From the data below, copy exactly the lines that lie between the one holding "TESLA Model S" and the one holding "1440 NE 183rd", including both, and nothing more.

The input Block Start

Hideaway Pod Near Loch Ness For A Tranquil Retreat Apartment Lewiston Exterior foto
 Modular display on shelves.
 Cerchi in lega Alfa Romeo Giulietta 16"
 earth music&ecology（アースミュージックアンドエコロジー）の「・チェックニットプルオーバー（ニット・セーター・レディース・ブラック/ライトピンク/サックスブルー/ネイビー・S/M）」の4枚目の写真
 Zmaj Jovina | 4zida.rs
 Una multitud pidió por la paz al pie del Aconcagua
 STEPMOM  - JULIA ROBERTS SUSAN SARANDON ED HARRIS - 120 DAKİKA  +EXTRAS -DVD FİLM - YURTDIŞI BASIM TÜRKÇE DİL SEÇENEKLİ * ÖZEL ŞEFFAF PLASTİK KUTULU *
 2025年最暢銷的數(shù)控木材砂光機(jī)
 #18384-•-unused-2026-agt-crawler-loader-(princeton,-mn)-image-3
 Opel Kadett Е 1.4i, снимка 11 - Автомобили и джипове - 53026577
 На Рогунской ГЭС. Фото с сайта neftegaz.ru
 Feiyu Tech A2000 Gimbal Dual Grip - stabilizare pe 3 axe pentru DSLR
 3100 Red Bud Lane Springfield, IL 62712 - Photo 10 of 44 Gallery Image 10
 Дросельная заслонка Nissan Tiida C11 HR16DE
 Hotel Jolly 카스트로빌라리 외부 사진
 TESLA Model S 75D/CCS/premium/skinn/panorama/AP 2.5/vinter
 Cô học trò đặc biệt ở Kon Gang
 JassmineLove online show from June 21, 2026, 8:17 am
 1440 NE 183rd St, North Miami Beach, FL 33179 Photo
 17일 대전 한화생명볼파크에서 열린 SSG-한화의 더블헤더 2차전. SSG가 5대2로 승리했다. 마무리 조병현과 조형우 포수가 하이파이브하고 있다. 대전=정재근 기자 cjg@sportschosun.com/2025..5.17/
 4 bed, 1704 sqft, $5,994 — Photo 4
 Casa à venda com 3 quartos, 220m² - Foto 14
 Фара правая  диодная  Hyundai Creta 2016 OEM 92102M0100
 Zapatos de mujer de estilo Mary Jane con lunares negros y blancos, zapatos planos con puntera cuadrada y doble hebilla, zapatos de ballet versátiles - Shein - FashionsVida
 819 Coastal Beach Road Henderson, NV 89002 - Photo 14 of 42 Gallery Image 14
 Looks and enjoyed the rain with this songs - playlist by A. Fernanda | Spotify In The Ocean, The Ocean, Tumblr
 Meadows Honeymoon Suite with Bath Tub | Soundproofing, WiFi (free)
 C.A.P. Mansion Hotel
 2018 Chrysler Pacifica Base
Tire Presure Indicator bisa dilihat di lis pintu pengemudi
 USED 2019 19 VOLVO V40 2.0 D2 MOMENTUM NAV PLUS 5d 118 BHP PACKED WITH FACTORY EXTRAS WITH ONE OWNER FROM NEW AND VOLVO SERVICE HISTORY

The input Block End

Response to this task =
 TESLA Model S 75D/CCS/premium/skinn/panorama/AP 2.5/vinter
 Cô học trò đặc biệt ở Kon Gang
 JassmineLove online show from June 21, 2026, 8:17 am
 1440 NE 183rd St, North Miami Beach, FL 33179 Photo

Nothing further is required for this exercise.